Halloween bug and Db2 zOS protection from it.

Michael Hannan

Halloween bug and Db2 zOS protection from it.

Does anyone have any, or know where can be found, any good documentation of how IBM are protecting us from the "Halloween Problem"?  As a dinosaur I have seen this problem in an application many years ago. Is some release, IBM introduced List Prefetch into some access paths for Cusrors with FOR UPDATE OF clause to protect us against finding same row twice in an Index Scan, and Terry Purcell hinted about some hidden workfile protecting Updates when List Prefetch  access path could not be used.

I did do a Google Search but did not find anything very informative for Db2 zOS. A lot for SQL Server.

I assume Halloween can still happen for UPDATE (not WHERE CURRENT OF) with predicates on same table as a Cursor is traversing in a non materialised access path, and have potential to retrieve same row twice due to index entry moved. Right or wrong? In what circumstances does IBM take special measures to protect us, and how does it work. Obviously I understand how List Prefetch protects us by materialising the scanned index RIDs.

Can we assume that Halloween still happens only for rather faulty Application code? or is that unfair? 

Normally when designing indexes for performance, we include updated columns, when necessary without much regard for a possible Halloween problem.
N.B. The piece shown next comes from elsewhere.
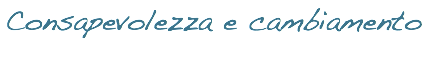 blocks_image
I am trying to find out how risky this can be.

I don't ask the trivial questions, so please good detailed Technical info is what I am after.
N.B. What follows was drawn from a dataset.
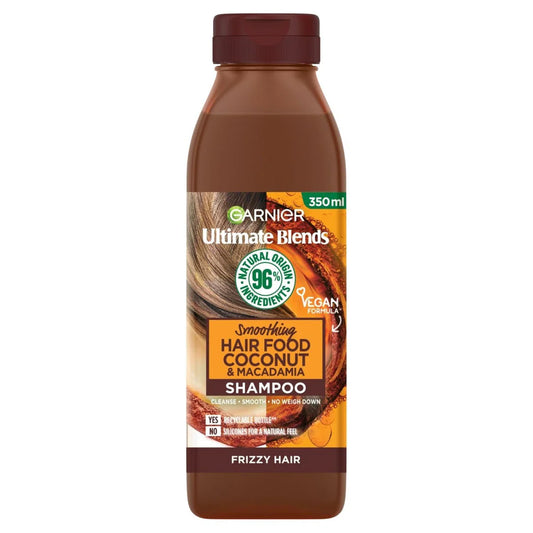 https://buraki.pk/products/garnier-coconut-macadamia-shampoo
Another possible case of retrieving same row twice would be TS Scan, and an Updated row moved to a later partition due to update of Partition key. 

Michael Hannan,
DB2 Application Performance Specialist

 

Edited By:
Michael Hannan[Organization Members] @ May 07, 2020 - 12:31 PM (Australia/Melbourne)
Michael Hannan[Organization Members] @ May 07, 2020 - 12:34 PM (Australia/Melbourne)

Andy Smith

RE: Halloween bug and Db2 zOS protection from it.
(in response to Michael Hannan)

Hello Michael

This is not a reply to your specific question regarding documentation for the Halloween Problem, but I'm sharing this with you because it is relevant and you might want to look out for it.
We recently encountered a major performance issue following a V11 package being rebound on Db2 12 (FL500), despite no access plan change.
It involved an SQL statement with a LPF access plan for a CURSOR using FOR UPDATE OF (index column) - i.e. the Halloween Problem.
The change in runtime behaviour observed was, upon reaching the RDS limit (25% of table), RID List processing was now (after REBIND on Db2 12) failing over to a Tablespace scan, whereas before (bound at v11) it was spilling over to a workfile.
Note that we have MAXTEMPS_RID=NOLIMIT.
We used REBIND SWITCH(PREVIOUS) to restore the V11 runtime structures for the Package, which re-introduced the spill to workfile upon RDS Limit being reached.
IBM advised us that in Db2 12, overflow to workfile is no longer performed when the RDS limit is exceeded, it's now a tablespace scan.
PH22633 was opened due to issues in this area - see APAR description.
Apparently this APAR will also fix the issue for SELECT FOR UPDATE OF - it will always spill to workfile and never failover to r-scan.

Regards
Andy

Michael Hannan

RE: Halloween bug and Db2 zOS protection from it.
(in response to Andy Smith)

Andy,

Thanks indeed. I don't mind a tangent at all, when the information is something special and has some detail. I don't know why they call this the "RDS Limit" but I guess must accept the terminology. I guess they believe if Catalog Stats (hopefully not too far out from correct number of rows) say that 25% of rows in the table must be visited, then the RID sort becomes costly and pointless, and TS Scan will be quicker. Scanning pages for rows is cheaper than direct access to the rows by RID pointers, even if the RIDs are in order, and predicate evaluation is cheaper too on table instead of index, despite decompression. Its not worth hogging the RID Pool as well.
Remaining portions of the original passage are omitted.